[[ DATA EXCERPTS, beginning ]]
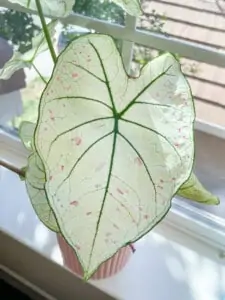 caladium leaf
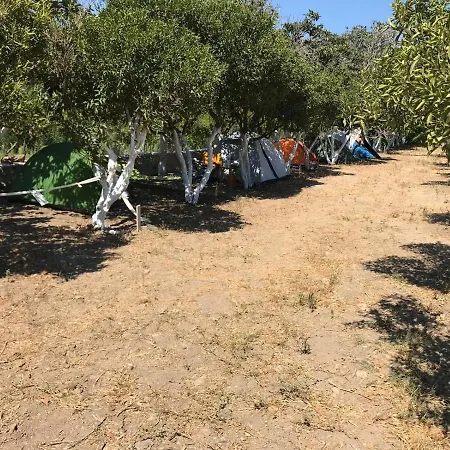 Bodrum Masali Гюмюшлюк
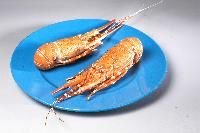 Whole Cooked Rock Lobster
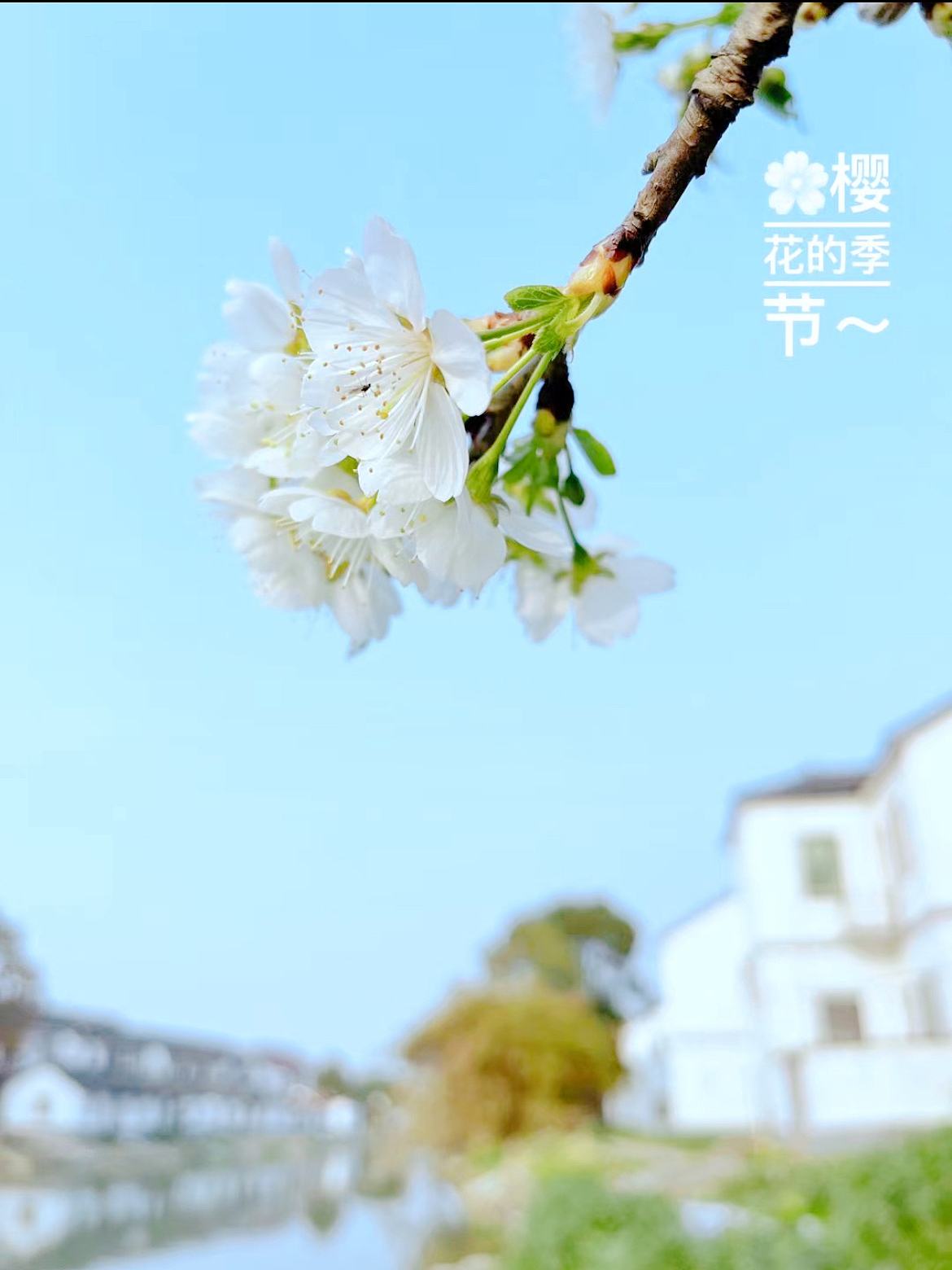 手机摄影 一片静心之地~（图ZMzM3NTk0MzE2） - 风光摄影 - 站酷设计师小小鸟不想飞原创素材 - 站酷ZCOOL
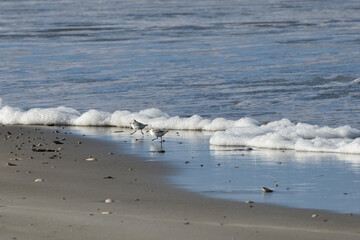 Borkum, Schaumalge, Phaeocystis globosa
[[ DATA EXCERPTS, end ]]
#### WHAT YOU SHOULD DO
The result should hold only the lines from the line with "Whole Cooked Rock Lobster" through the final line of the records above, copied exactly, with pictures left out.

#### ANSWER FOR THE TASK
 Whole Cooked Rock Lobster
 手机摄影 一片静心之地~（图ZMzM3NTk0MzE2） - 风光摄影 - 站酷设计师小小鸟不想飞原创素材 - 站酷ZCOOL
 Borkum, Schaumalge, Phaeocystis globosa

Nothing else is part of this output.